En este caso, el condicionamiento del que se padece hace referencia a la manera en que se restringe y gestiona la información para confrontar dos bandos de ciudadanos artificialmente opuestos.
Sin embargo, las formas en que se desarrolla este condicionamiento varían desde la sobreexposición de las audiencias ciudadanas al monopolio de los medios tradicionales y sus contenidos impuestos, hasta el despliegue del aparato represor de la policía y el ejército en las calles de las principales ciudades del país.
Si bien la ruptura del contrato social sobre el que se constituye nuestra idea de nación remite entre otras cosas a la incapacidad del gobierno para ejercer soberanía en la totalidad del territorio. Este accionar limitado del que se favorece la ilegalidad para imponer su autoridad en áreas donde no existe presencia gubernamental, no es el único motivo por el cual el significado que se le atribuye a las instituciones en Colombia se ha transformado de manera paulatina en un sentimiento de rechazo generalizado a las hegemonías que se fortalece en el imaginario de cada vez más ciudadanos.
A la incapacidad operativa y de soberanía de quienes nos gobiernan habría que sumarle, además, el mal actuar de quienes cumplen la función de proteger sus intereses cuando el brazo mediático de los canales informativos no causa los efectos que se esperan en las calles.
El diseño de protocolos para la protección de los derechos humanos se queda en el papel cuando un funcionario del establecimiento ignorante de las garantías que promulga la declaratoria y mediatizado desde lo político decide utilizar su fuerza de manera desproporcionada, detener de forma arbitraria o abusar sin ninguna vergüenza de la ciudadanía en general.
En este sentido, el valor que se asigna a la institucionalidad representada en el funcionario no debería ir más allá del valor con que esta persona asume el ejercicio de su función, pues si para efectos prácticos y como lo recuerda Parménides “el ser es o no lo es”; un policía debería considerarse policía mientras lo sea, es decir mientras actúe como tal.
De lo contrario, sus prácticas inadecuadas le impedirán ejercer autoridad, pero seguirán ligándolo a la institución que representa y a la que deslegitima a pesar del esfuerzo discursivo por individualizar responsabilidades.
La aplicación de la fórmula para juzgar el ejercicio de las demás instituciones y funcionarios que las constituyen permite cuestionar medios de comunicación, universidades, religiones o cualquier otro sector que se considere oportuno.

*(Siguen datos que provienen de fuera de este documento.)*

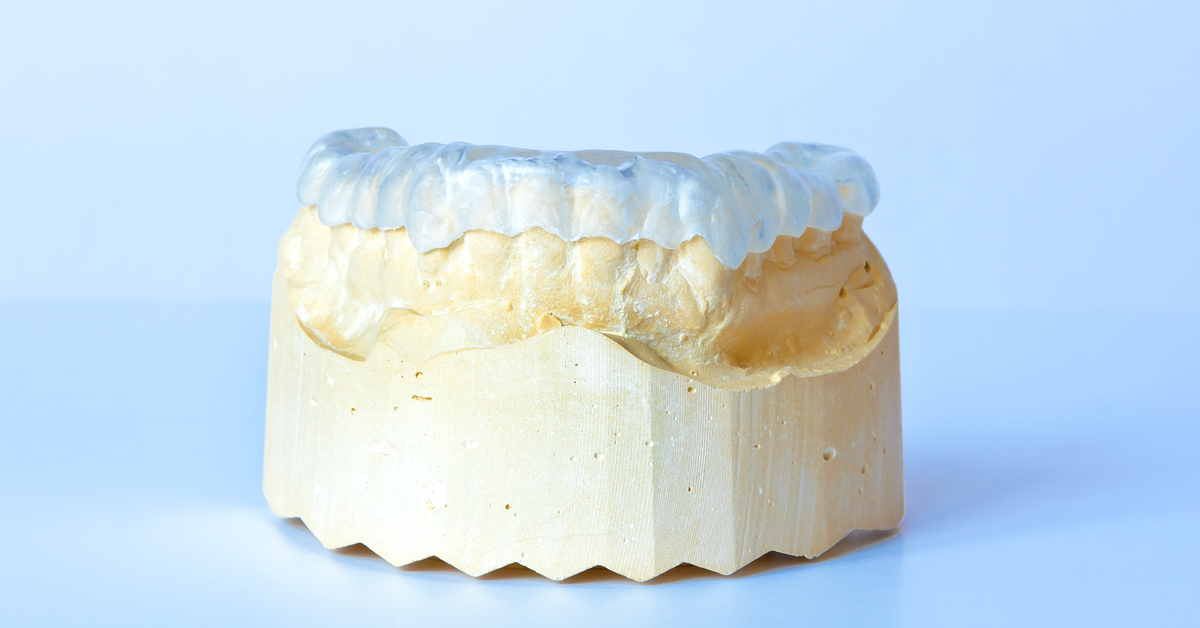 Bruxism: Occlusal splints to prevent bruxism can also be manufactured digitally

Sin embargo, en su calidad de ciudadano, el funcionario de estas organizaciones también está llamado a cuestionar las políticas que direccionan su labor misional, por lo cual, se esperaría que desde la condición humana y ciudadana que comparte cada una de estas personas, surgiera la necesidad de controvertir las órdenes que se le asignan si a su juicio se aparta de los valores y del ejercicio ético de su profesión.
Cualquiera que sea el uniforme o elemento distintivo que se porte, cada ciudadano debería dar prioridad a su actuar ético por encima de la orden institucional, de esta manera, se desconocerían las instituciones que no actúan bajo los valores de su función, pero se contribuiría a la recuperación de la confianza de la ciudadanía en las que sí lo hacen.
En otras palabras, la confrontación no es con el otro. Es interna e involucra los roles de funcionario vs. ciudadano de cada uno de nosotros. Anarquía para salvar las instituciones.